Un verdict qui nous rappelle nos obligations

Wiener Zeitung s'interroge sur la motivation des juges :

«La récente suspension de l'interdiction du suicide assisté a des raisons moins fondamentales que pratiques. Dans le processus de fin de vie, les limites sont flottantes, ce qui rend les médecins traitants attaquables sur le plan juridique. Car la mort se dérobe aux catégories juridiques clairement définies. ... Un maintien de l'interdiction du suicide assisté serait lié à une obligation.

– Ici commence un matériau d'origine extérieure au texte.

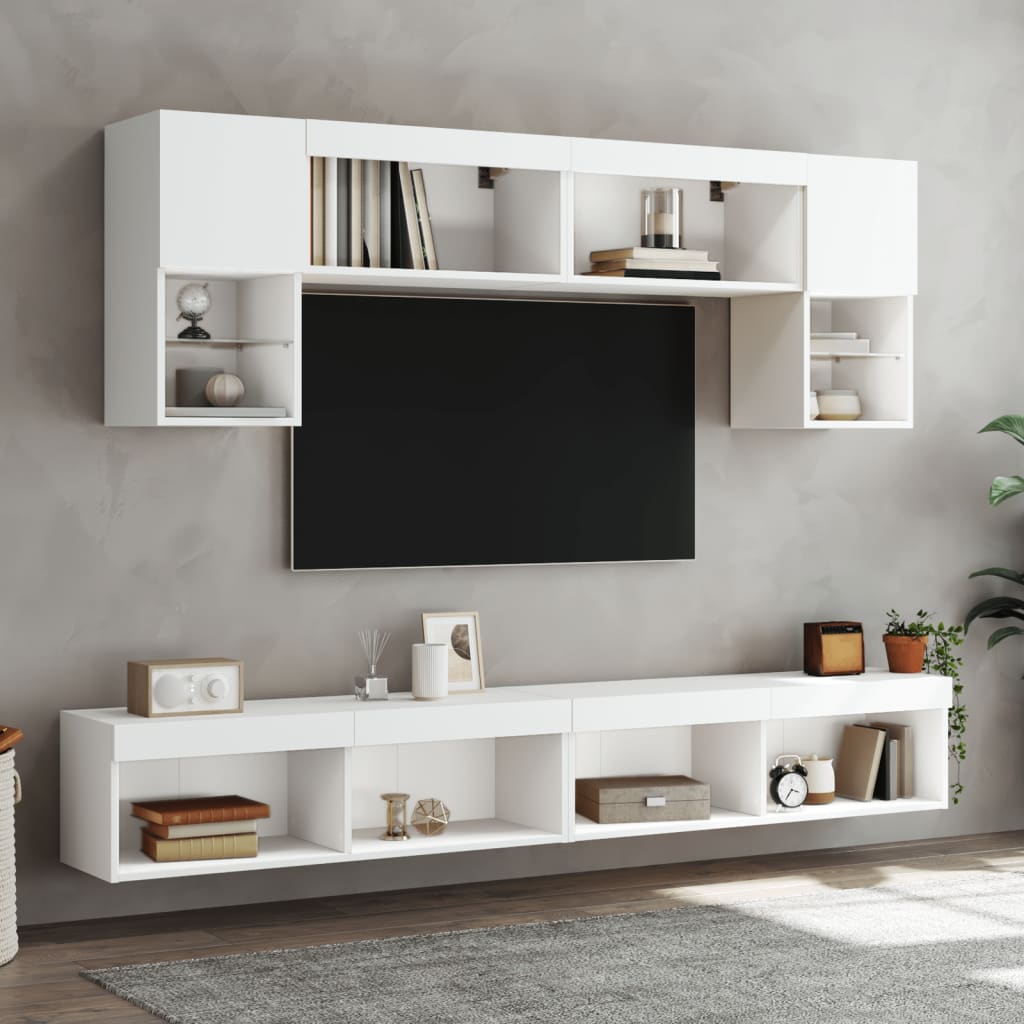 TV-Schränke mit LED-Leuchten 2 Stk. Weiß 100x30x30 cm
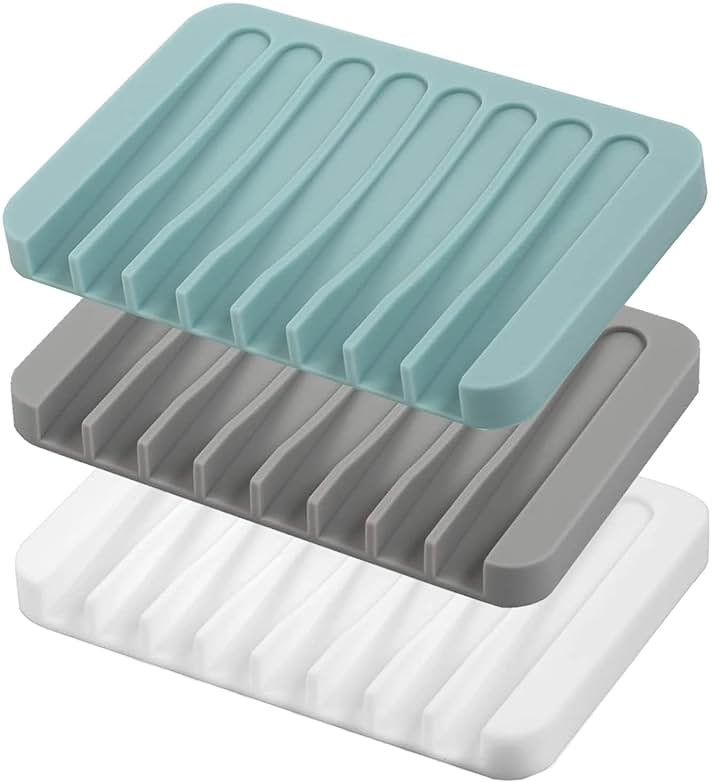 Self Draining Soap Dishes, 3 Pcs Silicone Soap Saver, Waterfall Drainer Soap Holder for Bathroom, Extend Soap Life, Keep Soap Bars Dry Clean & Easy Cleaning (White, Gray, Teal) - Product Image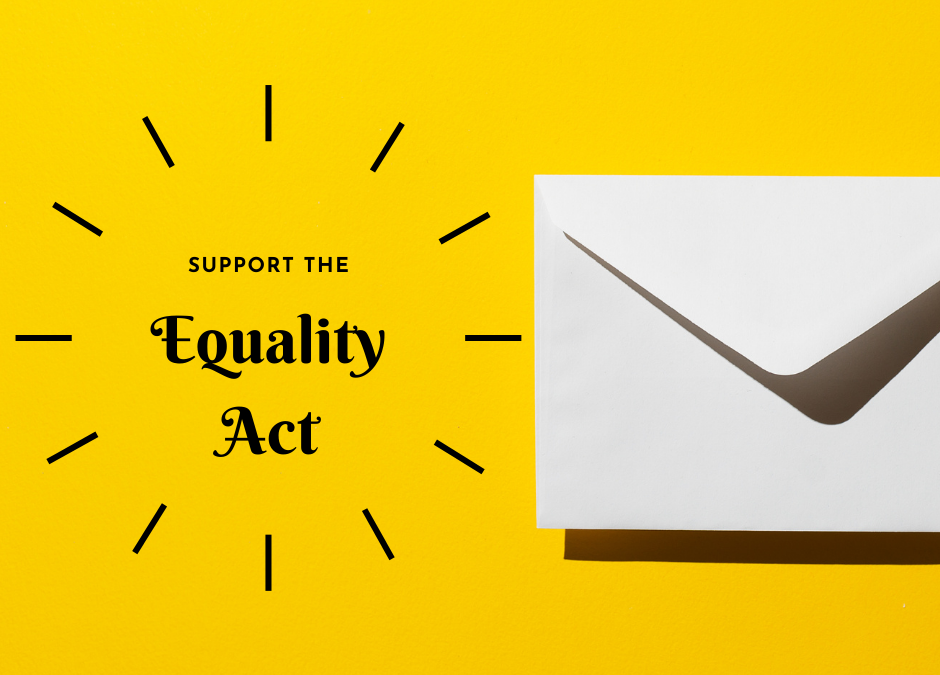 Gold background with a white envelope. Text surrounded by radiating tick marks: Support the Equality Act.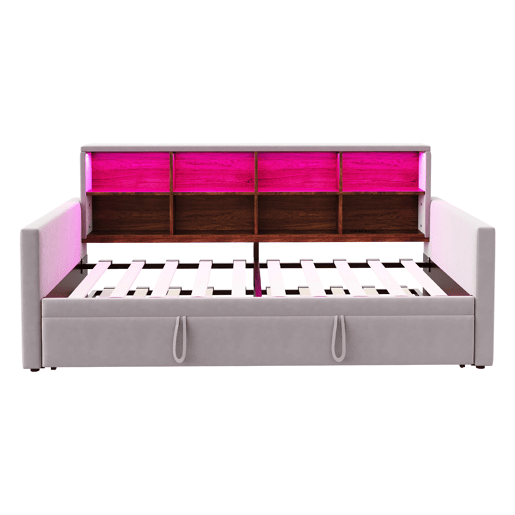 Sofá-cama 90x190 cm - Cabeceira com arrumação, luz LED, tomadas, cama extensível, estofamento em veludo - Cinza claro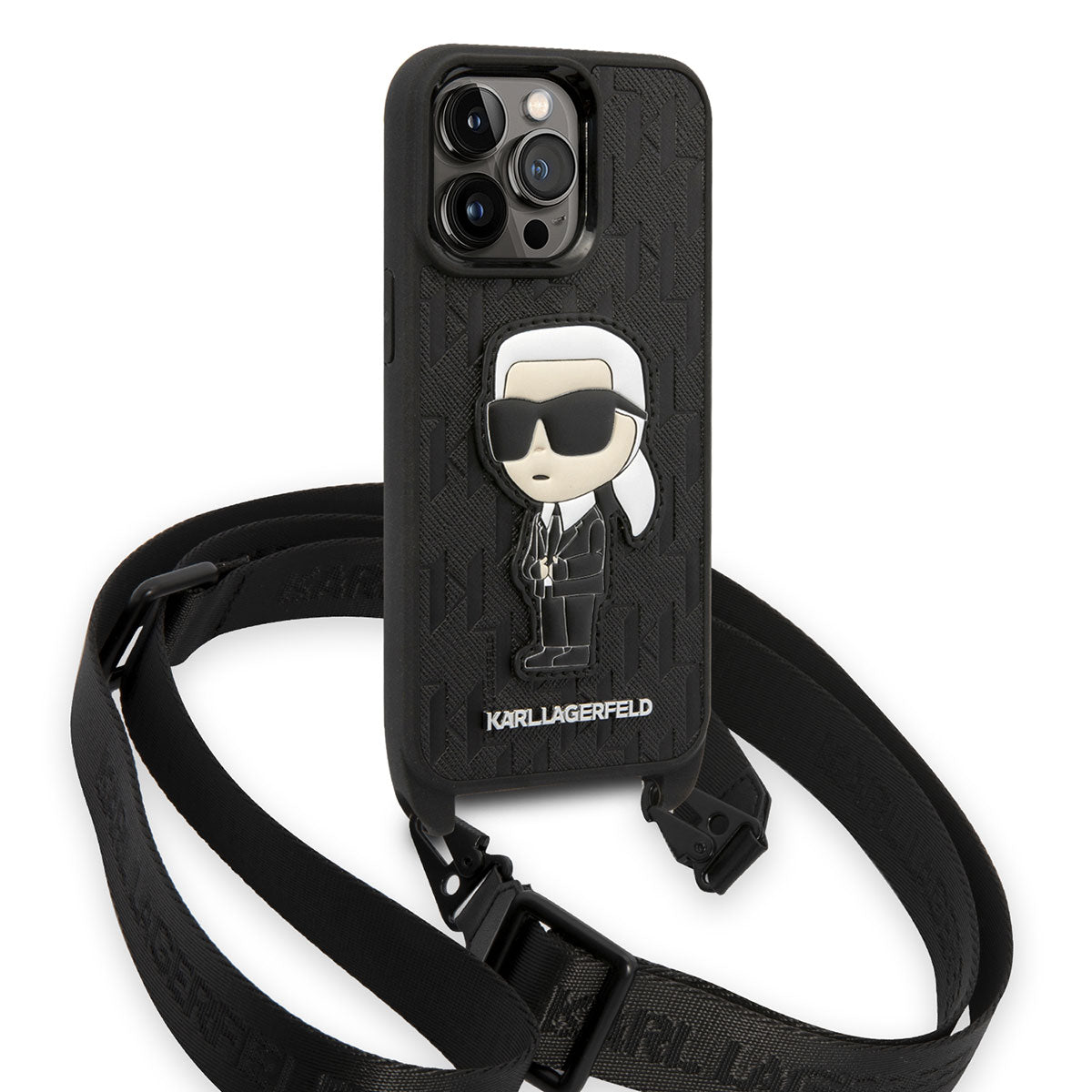 Apple iPhone 14 Pro Case Karl Lagerfeld Neck Strap Karl Design Cover Black 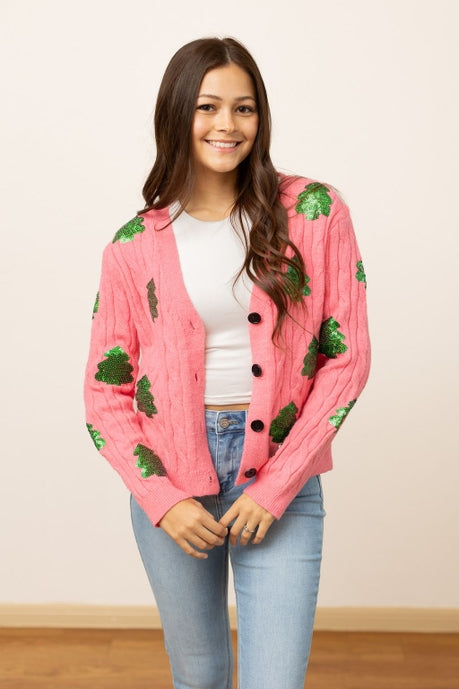 Sequin Trees Cardigan - 12/3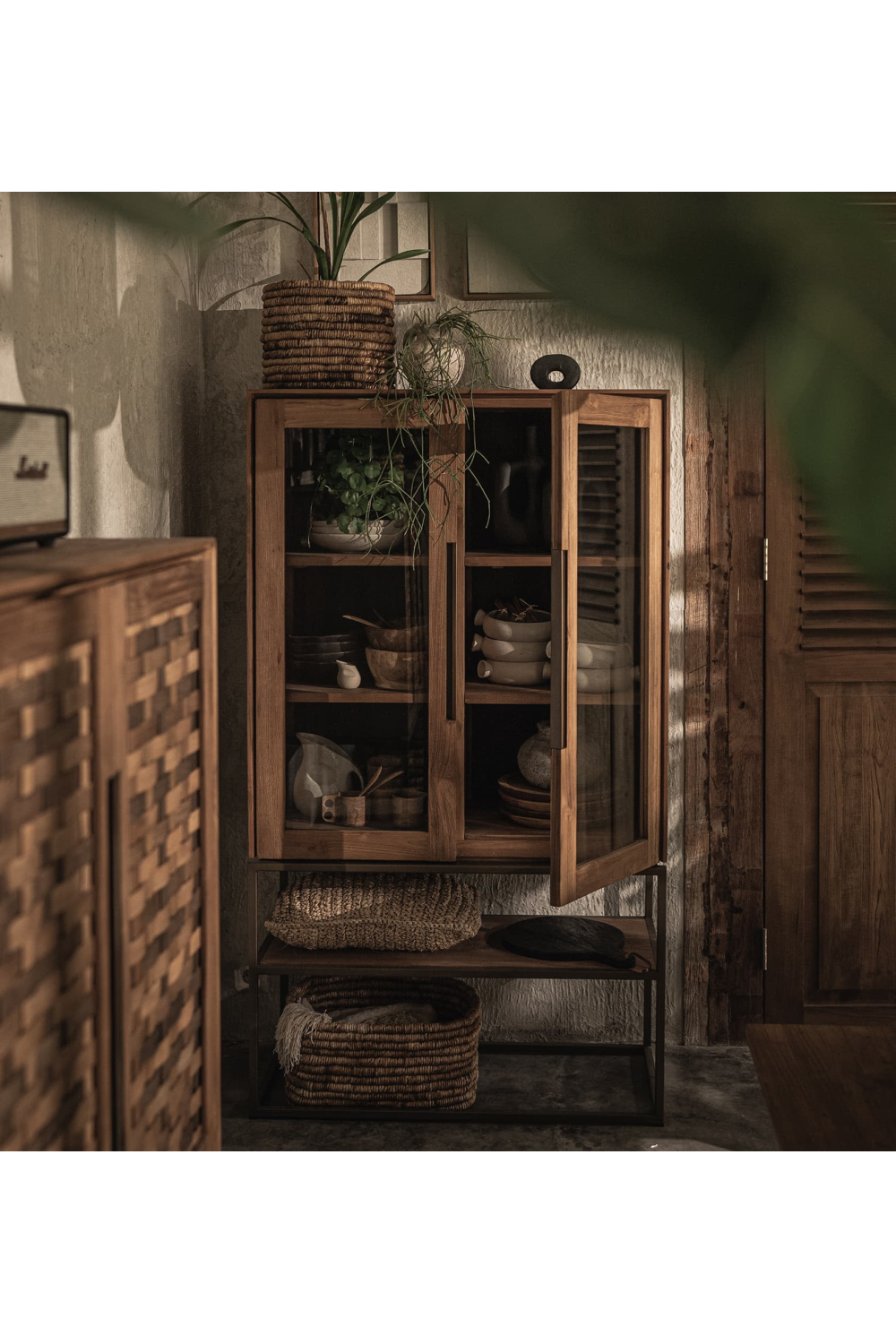 Wooden Cabinet with 2-Glass Doors | dBodhi Karma | OROA.com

Une société qui veut remplir cette obligation doit être à la hauteur dans l'accompagnement dispensé dans les hospices et les services de soins palliatifs. Si, en tant que société, on parvient à garantir un accompagnement des mourants dans le respect et la dignité, alors on privera de son fondement éthique un recours au suicide assisté.»

Der Standard (AT) /

Il aurait eu une mort plus belle

La journaliste Saskia Jungnikl, qui a publié en 2014 un ouvrage très remarqué sur le suicide de son père, approuve le verdict. Car la plupart des personnes qui se suicident ne veulent pas mourir, comme elle l'explique dans Der Standard :

«Majoritairement, elles ne voient plus de sens à leur vie, plus d'échappatoire, plus d'avenir. Elles sont très souvent seules et très souvent, elles n'ont pas la possibilité d'appeler à l'aide. Une démarche que le verdict pourrait faciliter. ... Si mon père avait pu s'ouvrir à moi de son souhait de mourir, je l'aurais accompagné chez un thérapeute ou un médecin pour qu'il puisse en parler. Si le souhait de mourir avait persisté, j'aurais pu être à ses côtés dans les dernières minutes de sa vie, si seulement le suicide assisté avait été autorisé. Je lui aurais dit au revoir, je lui aurais tenu la main, et nous l'aurions entouré de tout notre amour et rendu possible une mort qui ne soit pas dominée par la solitude et la peur. Il aurait eu une mort plus belle.»